Category Archives: Social Commentary

The Intrinsically Marxist Nature Of Gun Control

I was going to write a piece on this theme, but (recovering Leftist) David Mamet does it much better than I could hope to:

Violence by firearms is most prevalent in big cities with the strictest gun laws. In Chicago and Washington, D.C., for example, it is only the criminals who have guns, the law-abiding populace having been disarmed, and so crime runs riot.

Cities of similar size in Texas, Florida, Arizona, and elsewhere, which leave the citizen the right to keep and bear arms, guaranteed in the Constitution, typically are much safer. More legal guns equal less crime. What criminal would be foolish enough to rob a gun store? But the government alleges that the citizen does not need this or that gun, number of guns, or amount of ammunition.

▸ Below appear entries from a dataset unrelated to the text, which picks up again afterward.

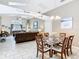 Open-concept dining area with a modern chandelier, tile floors, and a view into the living room at 512 Viola Dr, Davenport, FL 33837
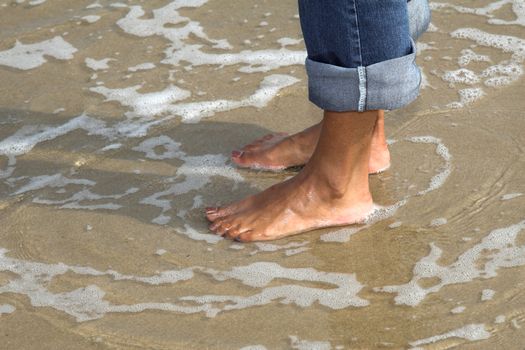 Pretty woman standing barefoot in the sea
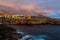 Panoramic view of the Illuminated Las Americas at night against the colorful sunset sky with lights on the horizon on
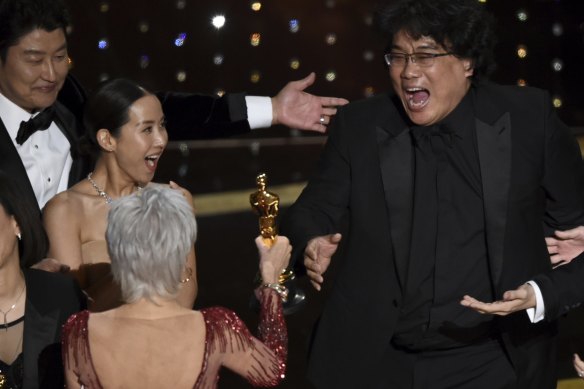 Bong Joon Ho (right) is presented with the award for best picture for Parasite from presenter Jane Fonda.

But President Obama, it seems, does.

He has just passed a bill that extends to him and his family protection, around the clock and for life, by the Secret Service. He, evidently, feels that he is best qualified to determine his needs, and, of course, he is. As I am best qualified to determine mine.

For it is, again, only the Marxists who assert that the government, which is to say the busy, corrupted, and hypocritical fools most elected officials are (have you ever had lunch with one?) should regulate gun ownership based on its assessment of needs.

…The individual is not only best qualified to provide his own personal defense, he is the only one qualified to do so: and his right to do so is guaranteed by the Constitution.

Yes.

The Hazards Of Scientific Research

A plane has gone down with three on board in Antarctica.

How could they have let them fly in that kind of weather? NASA would never have taken such a risk, because space research is much less important than Antarctic research.

[Update a few minutes later]

So, if they don’t survive, will Antarctic researchers shut down all operations until they’ve had a national commission investigate it, perhaps for years? That’s what NASA/Congress would do.

In my book, I go through the litany of the number of problems they’ve had at Scott-Amundsen Station, and conclude:

…despite all of these problems, one of them fatal (and Nielsen might have lived longer had she gotten better treatment sooner) there has never been a call by anyone to spend billions of dollars on a unique specialized emergency vehicle to provide 24/7/365 access to and from the Antarctic station, though given sufficient resources some clever engineers could probably come up with such a thing. And unlike NASA, the National Science Foundation has (sensibly) never gotten those kinds of resources. Because we recognize that sometimes research is worth taking risks for, and that the lives of the researchers do not have infinite value, or even billions of dollars worth of value. Except, inexplicably, when it comes to space research.

I may add this incident to the book.